■ Task prompt
What you return should be the exact lines from the one with "-巧克玩家·城市伴手礼(in88银泰店)" to the end of the records below, both included, and no pictures.

■ Extracted information
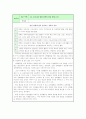 교육행정의 이해 토론모음집 28페이지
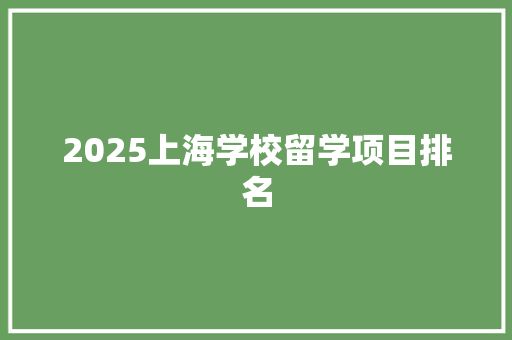 2025上海学校留学项目排名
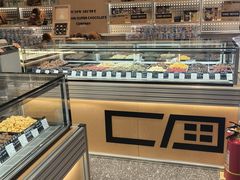 -巧克玩家·城市伴手礼(in88银泰店)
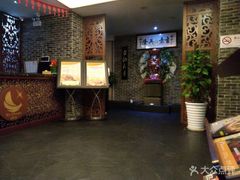 -旭川 SPA·按摩·足道(大木桥路店)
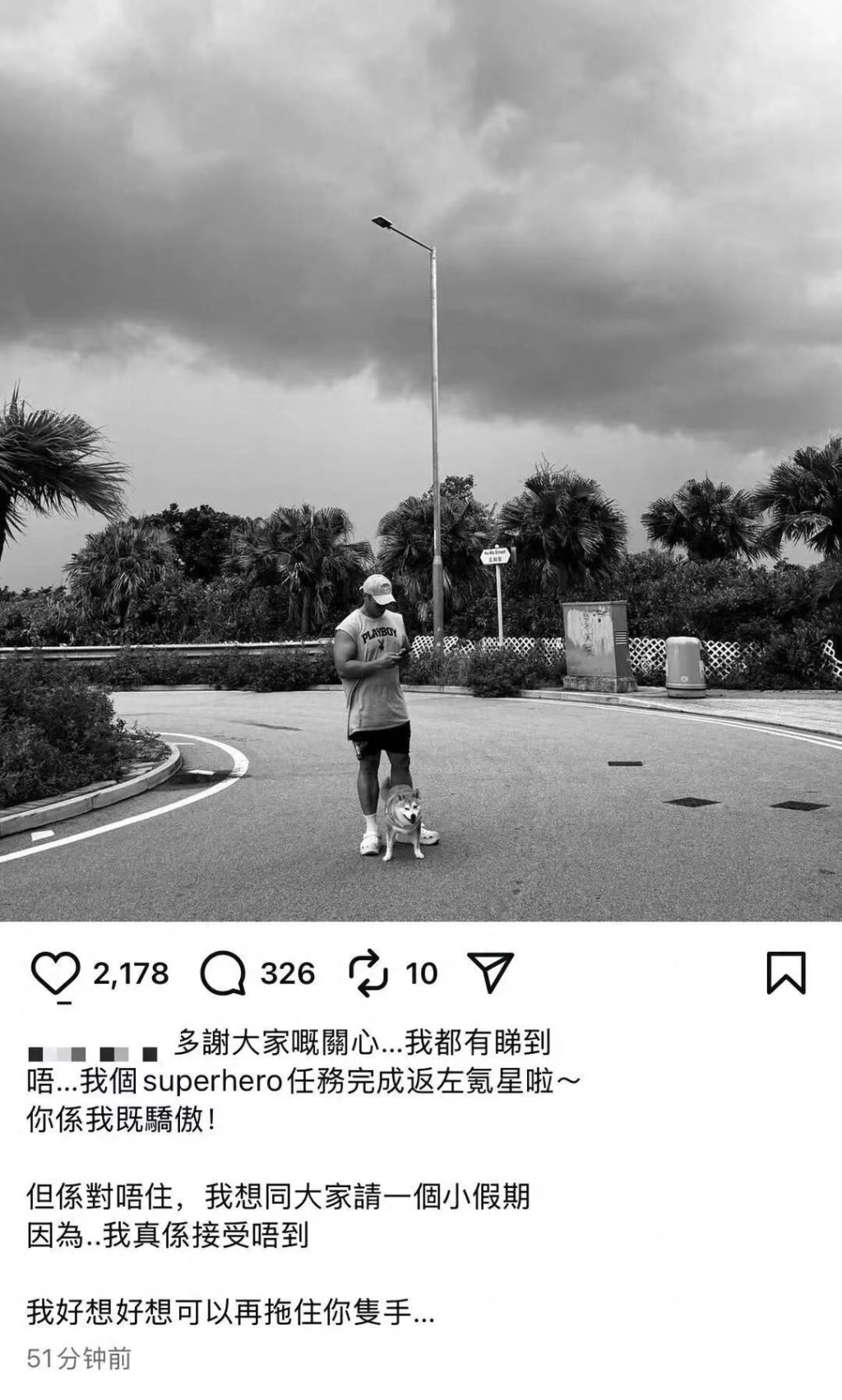 女友悼念何伟豪“你系我嘅骄傲”，大批网友留言：“多谢你，香港英雄”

■ Answer to this problem
 -巧克玩家·城市伴手礼(in88银泰店)
 -旭川 SPA·按摩·足道(大木桥路店)
 女友悼念何伟豪“你系我嘅骄傲”，大批网友留言：“多谢你，香港英雄”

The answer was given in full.